Lady Gaga needed redemption after last album and found it with 'A Star Is Born'
Until last week, one of the year’s best songs was little more than a verse, chorus and a perfect wail.
Yet that’s all that hungry early fans of “A Star Is Born” needed to fixate over “Shallow,” the song featured in the film’s obsessed-over first trailer. It’s “Shallow” that elevates the clip from normal blockbuster fare to a masterwork of the form, with Lady Gaga’s throaty howl giving way to its “I’m off the deep end / Watch as I dive in” chorus as the trailer cuts between punches, naked bodies, tears and guitars.
The rapturous reception of "Shallow," the first and only track from the "A Star Is Born" soundtrack shared before the movie's release (in theaters Friday, Oct. 5), suggests more than just the public's anticipation for the film. It's also the most universally excited reaction to any Lady Gaga song in recent memory – which is less a comment on her talents, which are on full display in her new movie, and more on the reception to her past few years of creative choices.

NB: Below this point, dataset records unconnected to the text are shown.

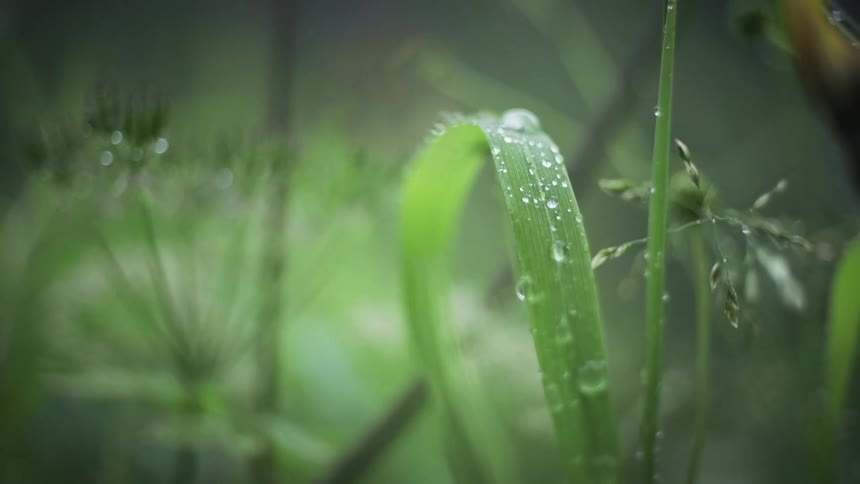 The grass is covered with dew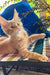 Cute orange tabby kitten named Sima, a Maine Coon cutie ready for cuddles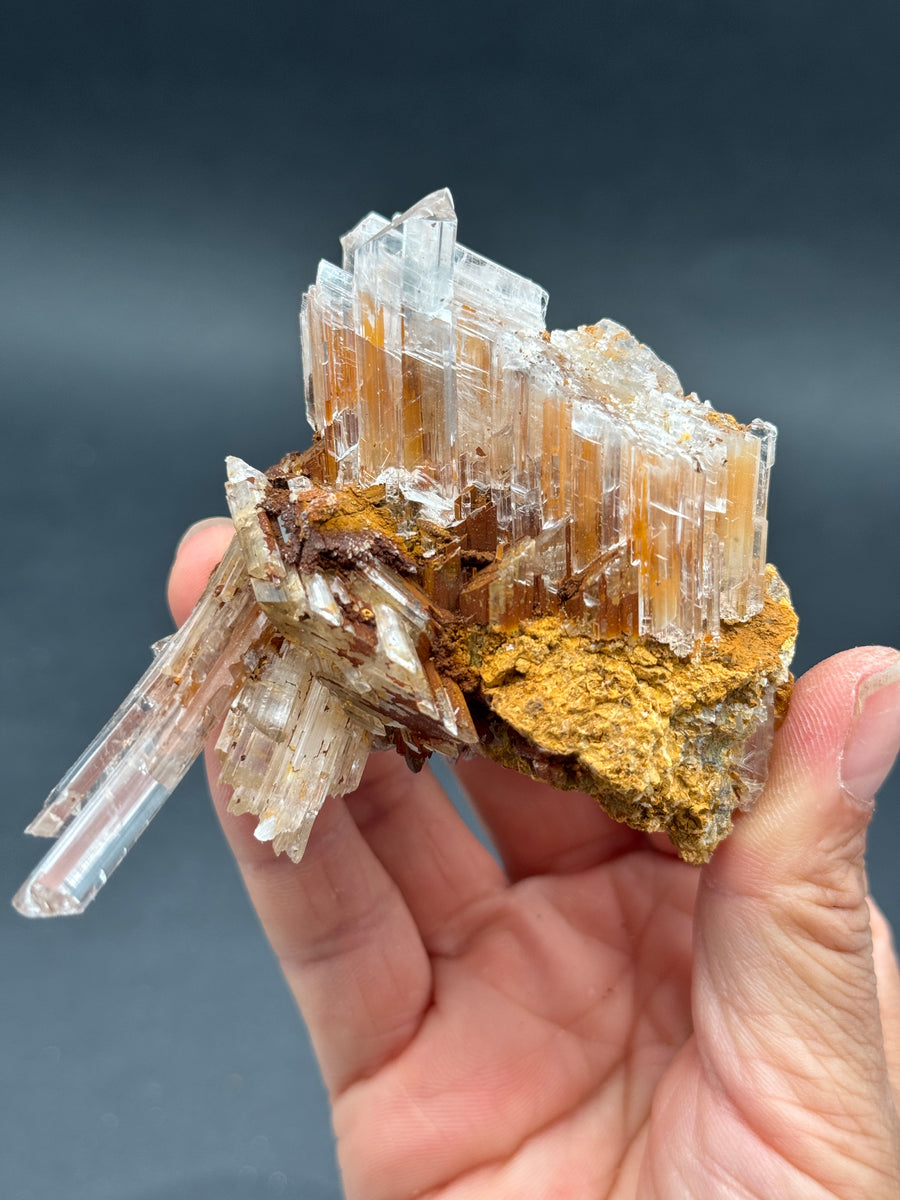 Selenite from Buena Tierra Mine, Mexico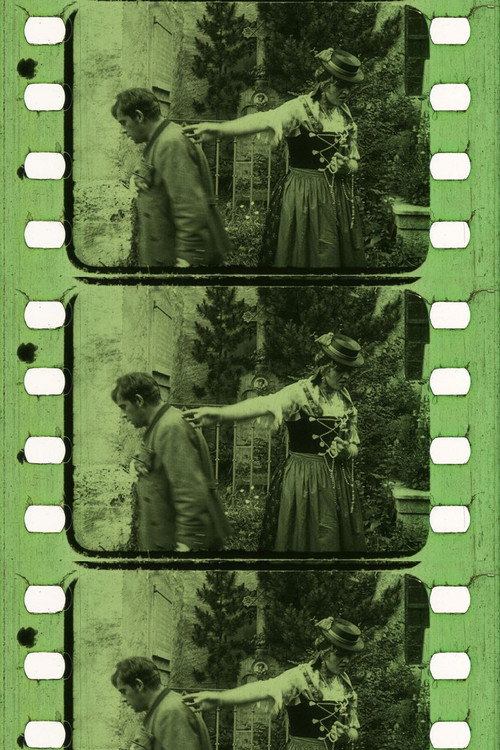 Movie poster for Der Sonnwendhof (1918)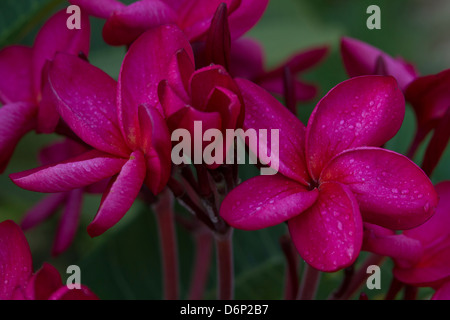 Plumeria o frangipani in un grappolo... Foto Stock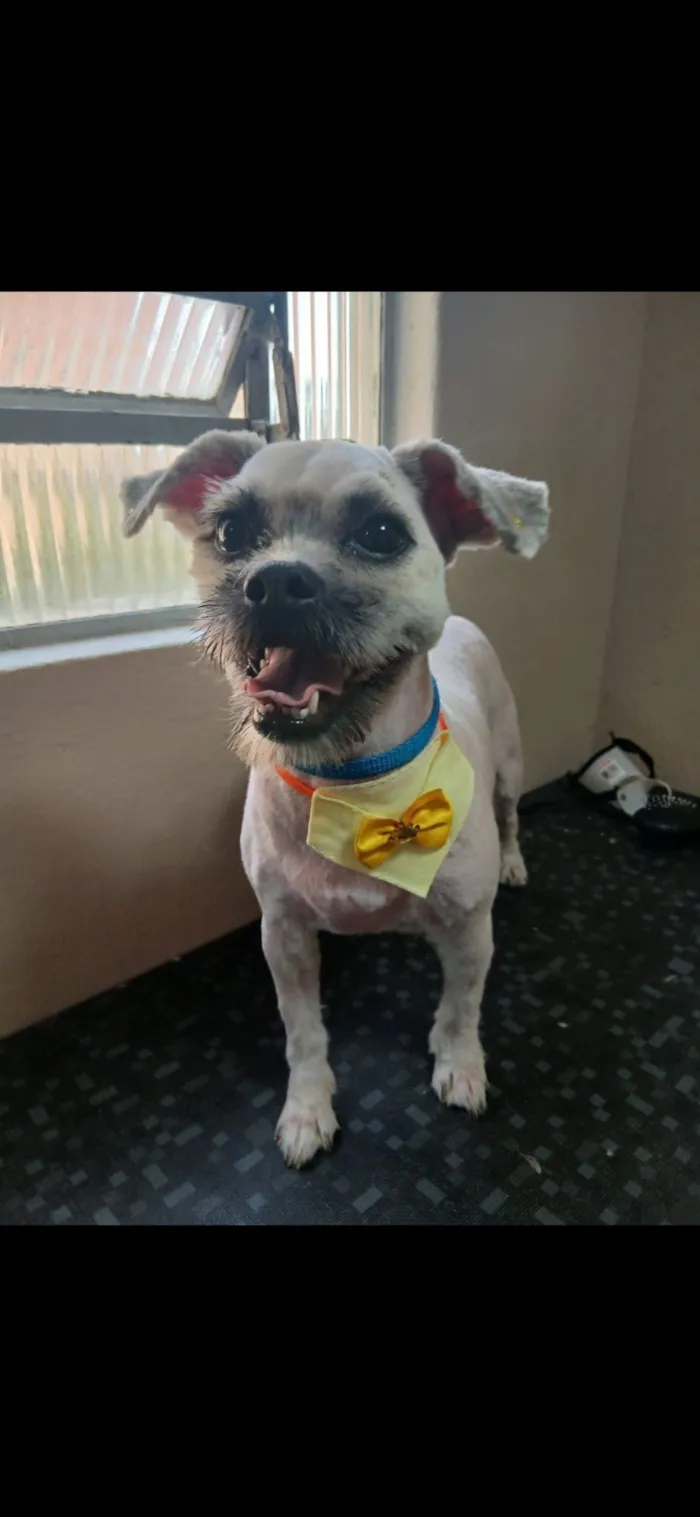 Cachorro raça Lhasa Apso idade 2 anos nome Amora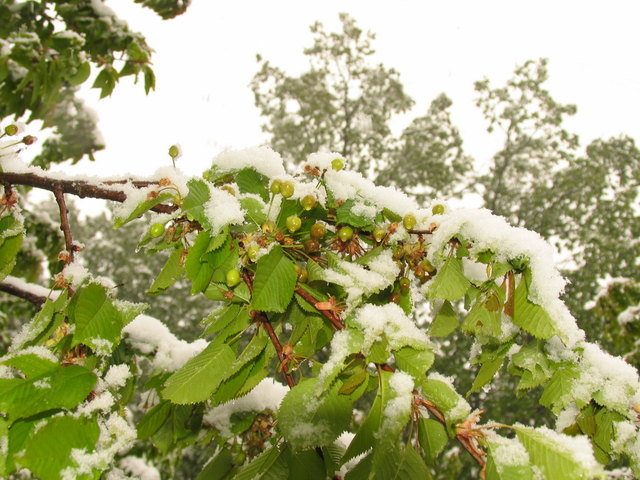 Kirschen im Schnee: Rund um Neuhaus blieb es nicht nur bei Minustemperaturen. | Foto: Franz Lendl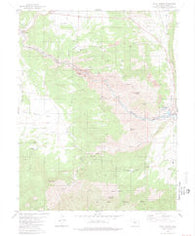 Royal Gorge Colorado Historical topographic map, 1:24000 scale, 7.5 X 7.5 Minute, Year 1980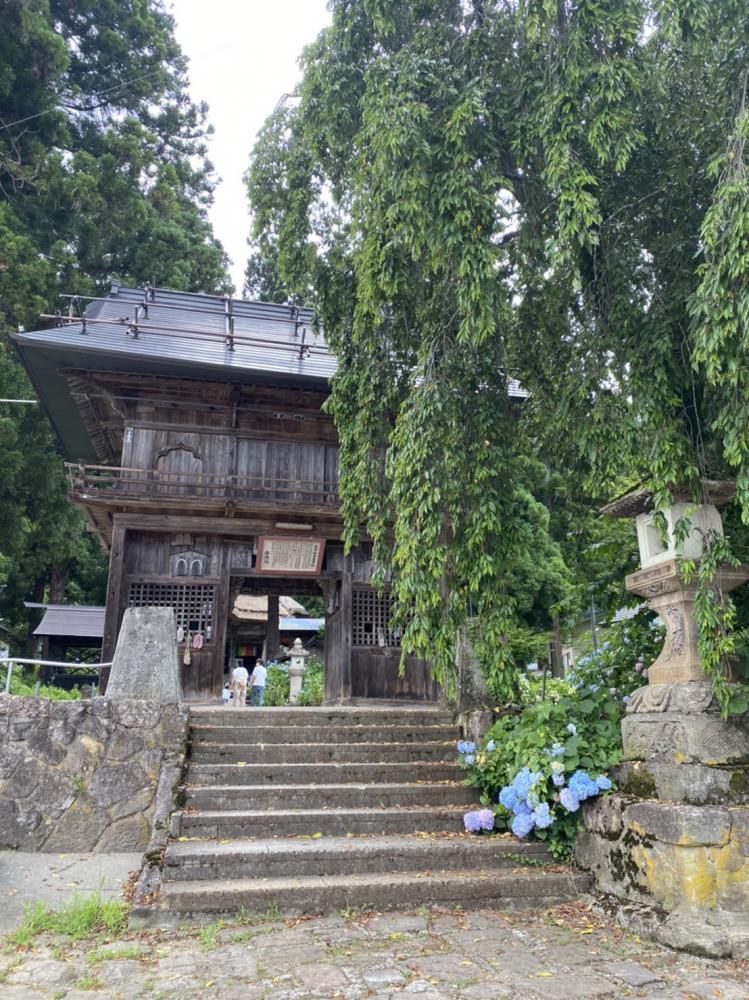 行ってきました！水陸両用バス
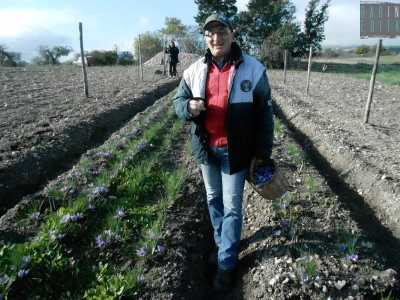Il 51enne Giuseppe Patella, proprietario del campo di zafferano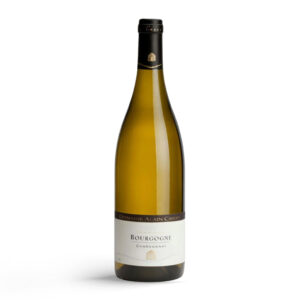 Domaine Alain Chavy Bourgogne Blanc 2022 - 75cl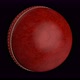 Cricket Ball Loop - VideoHive Item for Sale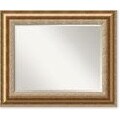 Vienna Bronze Mirror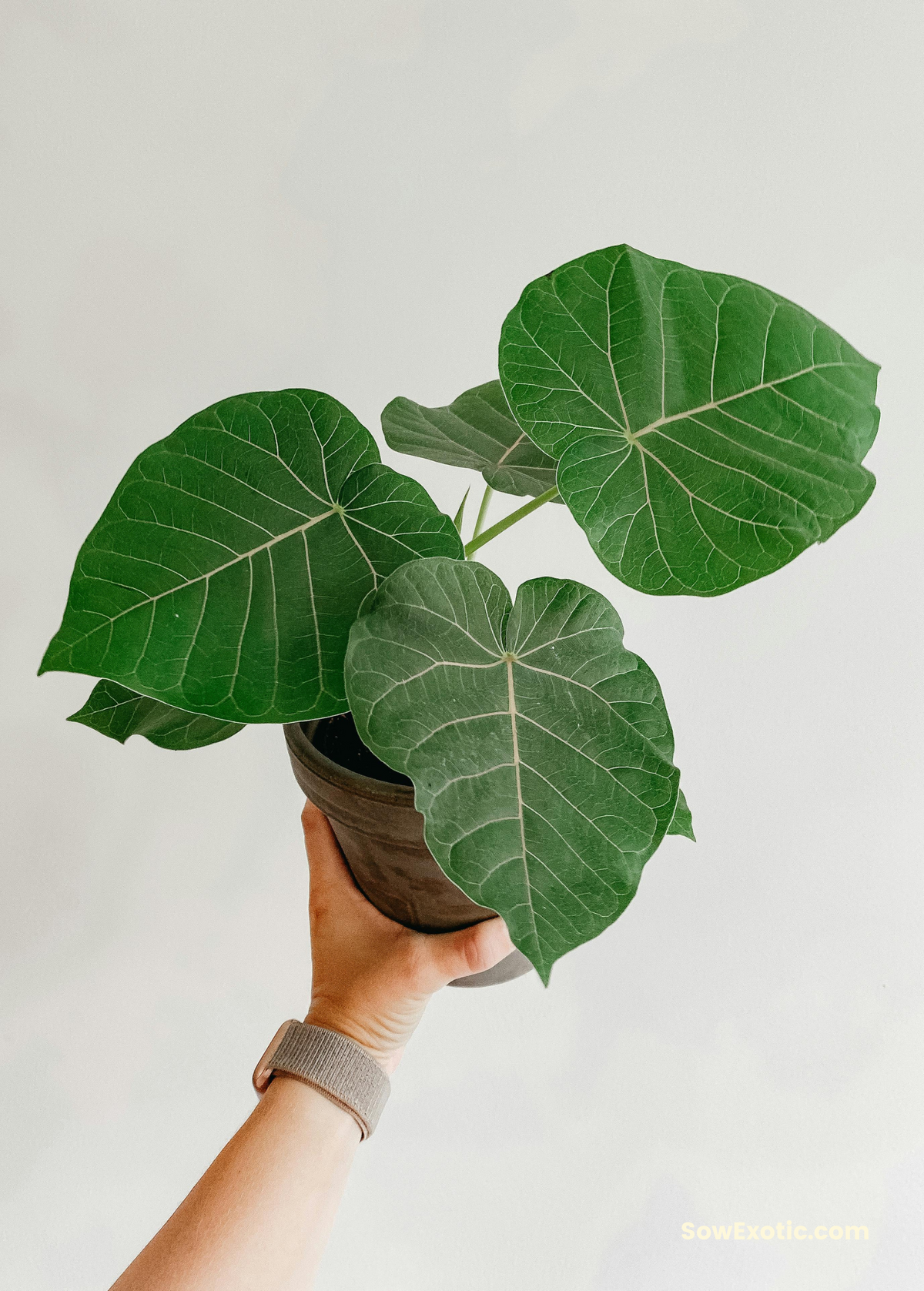 Rock Fig Ficus petiolaris Drought-Tolerant Wild Fig with Sculptural Roots and Striking Leaves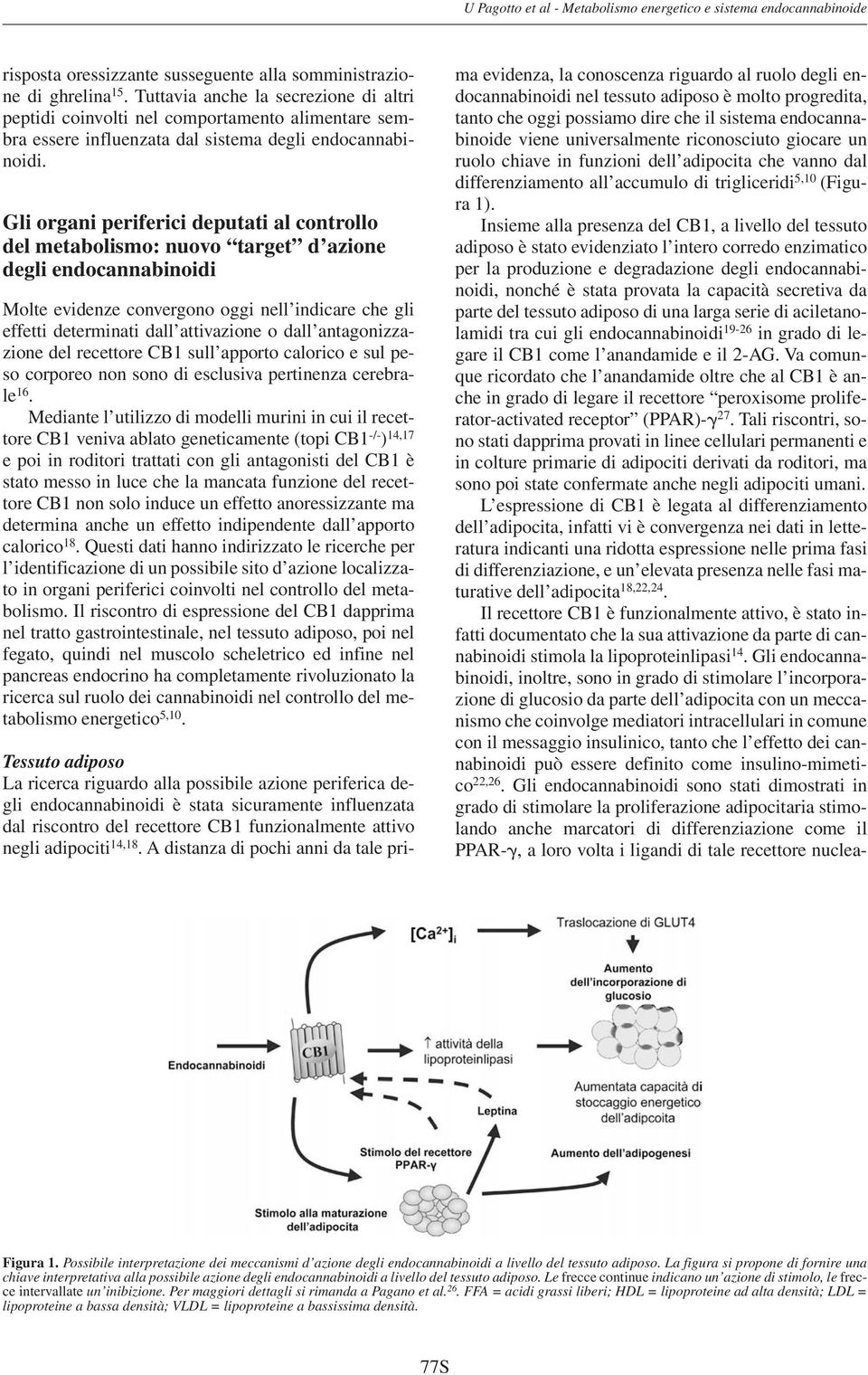 Gli organi periferici deputati al controllo del metabolismo: nuovo target d azione degli endocannabinoidi Molte evidenze convergono oggi nell indicare che gli effetti determinati dall attivazione o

While never quite relinquishing her spot in the upper echelon of pop personalities, headlining the 2017 Super Bowl halftime show and performing at the 2015 and 2016 Oscars, her musical output in the past five years has been more divisive. Her 2013 album "Artpop" thrilled hardcore fans while puzzling critics and casual listeners, before she stepped away from Top 40 entirely to collaborate with Tony Bennett, returning in 2016 with perhaps her most underappreciated release, the stripped-down "Joanne."
Now, with Oscar buzz building around Gaga's "A Star Is Born" performance, fans are seeing the resurgence of Gaga as a universally appreciated star. And with the soundtrack's reception as a Lady Gaga album of sorts, listeners will hear her continue to expand her range, pairing her with collaborators from the pop and country worlds while giving her “Joanne” era the happy ending it deserved.
Gaga has said that she couldn’t have made “A Star Is Born” without making “Joanne,” which featured country-rock tracks alongside the clubby pop productions more commonly associated with the singer. For all the inconsistencies of “Joanne,” an album that could never quite decide on a direction and underperformed on the charts, it produced some of the most compelling songs of Gaga’s career, particularly its twangier ballads, “Million Reasons” and its title track. It’s this version of Gaga, folksier vocals and hard Rs, that listeners hear on “Shallow,” a song that would’ve fit right in on the “Joanne” tracklist.
For fans who cheered on Gaga’s new direction with “Joanne,” “A Star Is Born” connects the dots between the album’s more stripped-down recordings and Gaga’s songs alongside Bradley Cooper’s rocker character of Jackson Maine on the movie’s soundtrack, recorded live with the writing and production help from some of Nashville’s best talents. The soundtrack’s most intriguing entry is Gaga’s “Always Remember Us This Way,” produced by Dave Cobb, Chris Stapleton’s go-to producer who also consulted with Cooper to help shape his character.
Natalie Hemby, Hillary Lindsey and Lori McKenna, three of country music’s best writers, co-wrote “Always Remember Us This Way” and also sang back-up for Gaga on the song. Lukas Nelson, Willie Nelson’s son, also joined “A Star Is Born” originally as a consultant for Cooper’s character, but ended up producing or co-writing nine songs on the soundtrack. And as Gaga's character of Ally transitions to a poppier sound once she strikes it big, big-name pop producers including Diane Warren and Justin Tranter appear on the soundtrack to help shape her evolving musical style.
The soundtrack's exciting Oscar-winning and charts-topping forecasts aside, the songs seem like the culmination of a journey for Gaga, who spent the past several years attempting to change the public's perception of her as an artist, seemingly trading the mass popularity of her earlier dance-pop days for a more diverse and emotionally honest body of work.
And with "A Star Is Born," Gaga gets it all: the breathless critical acclaim and public adoration surrounding a project that presents her as the multifaceted persona she's spent years working toward. And as much as Gaga's journey may parallel Ally's in "A Star Is Born," Lady Gaga is actually an argument against the film's traditional music-industry cautionary tale, in which Ally transforms into a glamorous star while sacrificing some of her artistry along the way. Here, Gaga doesn't have to choose.